Even the arrival of three million visitors a year doesn’t really make much of an impression except around the tourist hubs where there is a hive of activity: tour buses, cars and RVs jostle for parking, people mill about the boardwalks of the popular thermal attractions.
While we’ve both been here before, individually and together, we’ve somehow never brought the RV, a situation that clearly needed remedying. Our first stop is Tower Hill campground, nestled in a bowl a little way up the valley from Tower Fall itself. We’re finishing off some work and so only take a couple of hours off to walk down to the Yellowstone River. The swift waters meander through stretches of yellow and white gorge, fresh green vegetation colours the lower lying meadows on some of the inside bends, pines grow on any possible gradient and wafts of sulfur rise from the water. It’s a beautiful spot in the late afternoon sun and we watch a tree trunk carried in the central swift currents as it drifts towards the outer bank of a bend where it suddenly drops into a backwater and joins the numerous other logs caught in the same trap.
Further up the river the waters have cut an even more dramatic path creating the Grand Canyon of the Yellowstone. There are numerous viewpoints along both rims, strung out like beads connected by trails. The beads, accessible from the various parking areas are multicoloured hubs of people, the trail between them, the quieter part of the necklace. We park at Grand View and head west along the trail.
It’s difficult to do the canyon justice. Hydrothermal activity in the Rhyolite rock has left the reddish, yellow and white hues that characterise the steep, deeply eroded sides of the canyon. The slopes sweep down to the water over three hundred meters (1000 feet) below, the line broken by the jagged shapes left in sections of more resistant rock, pine trees cling wherever possible, the sound of the rushing river reaching us on the rim, even over the brisk wind.

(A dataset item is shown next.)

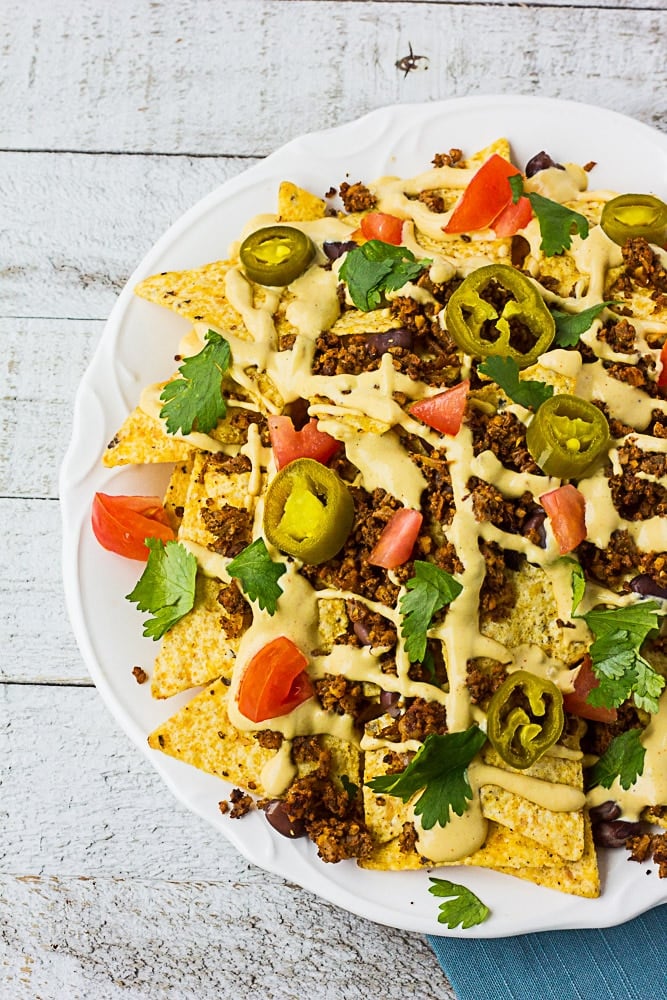 Ultimate Fully Loaded Vegan Nachos: with vegan nacho cheese sauce and vegan taco "meat"!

The short steep Red Rock Trail drops one hundred and fifty meters (500 feet) in a little over half a kilometer (⅜ mile) to a viewing point with an uninterrupted view of the Lower Falls. The green oxygenated waters tumble over the rim into the white foaming spray curtain of the falls. The climb is worth the experience, as is the next trail down, this time to the brink of the Lower Falls. Here, the roar of the water is fierce, its speed and volume over the edge mesmerising. The partly translucent green waters roll over the rim, the escaping droplets sparkle white in the sun, a rainbow plays in the swirling mists below and the river continues on its way through a particularly stunning section of the canyon.